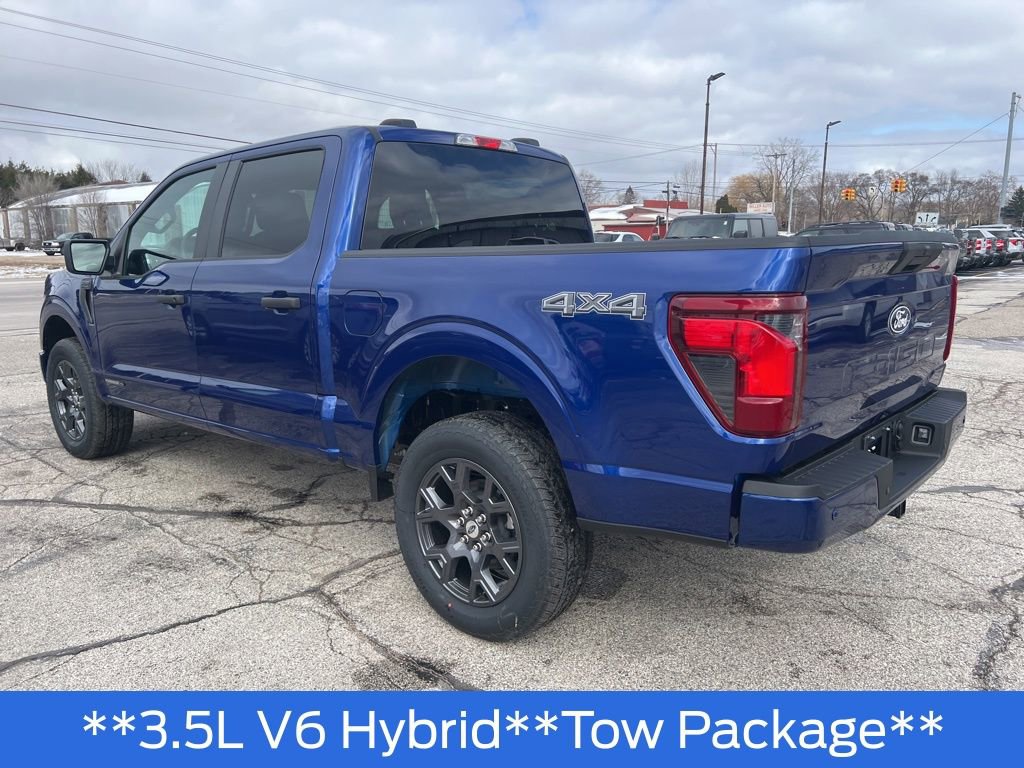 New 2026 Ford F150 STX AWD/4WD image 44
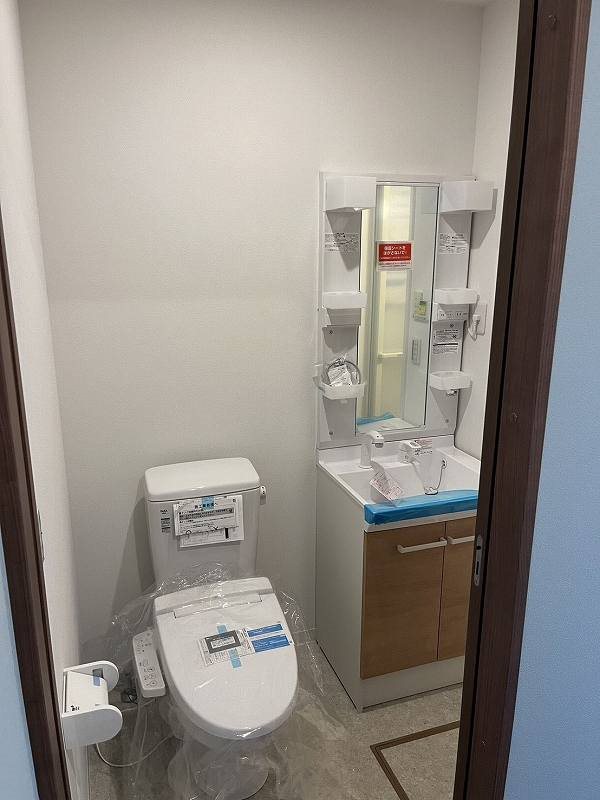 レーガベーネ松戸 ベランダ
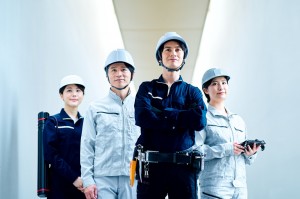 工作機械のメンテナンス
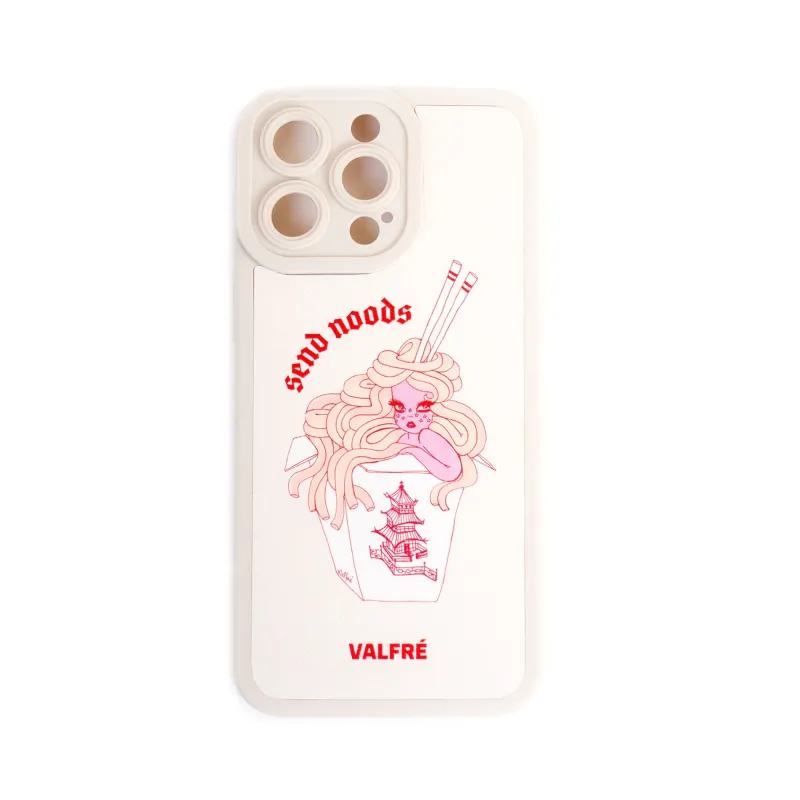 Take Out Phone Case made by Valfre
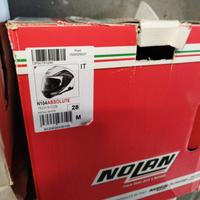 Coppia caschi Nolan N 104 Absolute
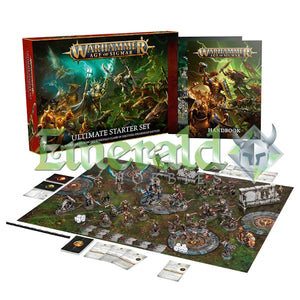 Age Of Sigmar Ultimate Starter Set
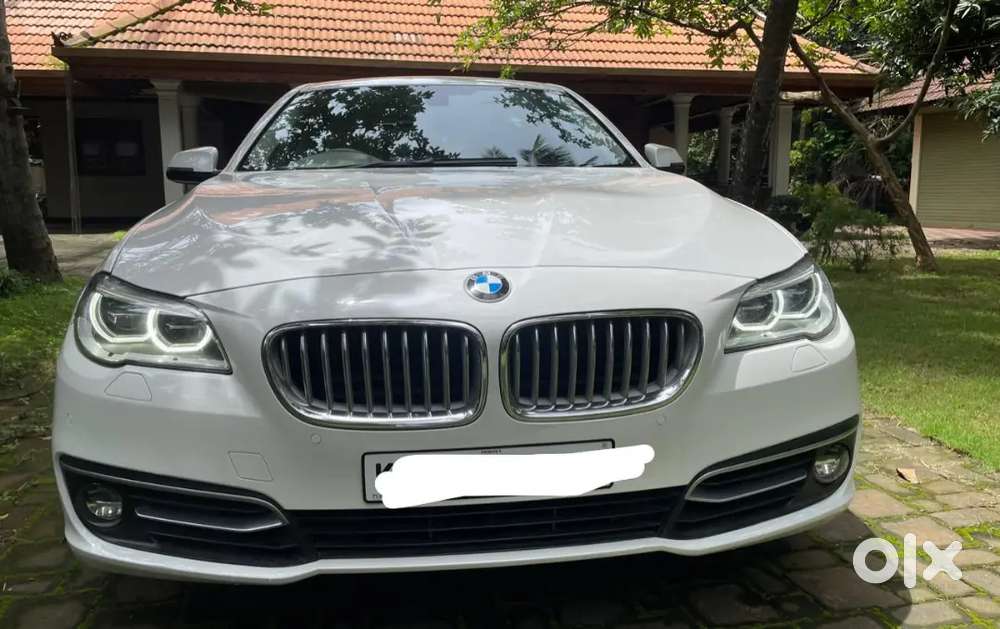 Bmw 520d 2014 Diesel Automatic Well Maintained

:::::

Reproduce the listing exactly, minus its pictures.

 New 2026 Ford F150 STX AWD/4WD image 44
 レーガベーネ松戸 ベランダ
 工作機械のメンテナンス
 Take Out Phone Case made by Valfre
 Coppia caschi Nolan N 104 Absolute
 Age Of Sigmar Ultimate Starter Set
 Bmw 520d 2014 Diesel Automatic Well Maintained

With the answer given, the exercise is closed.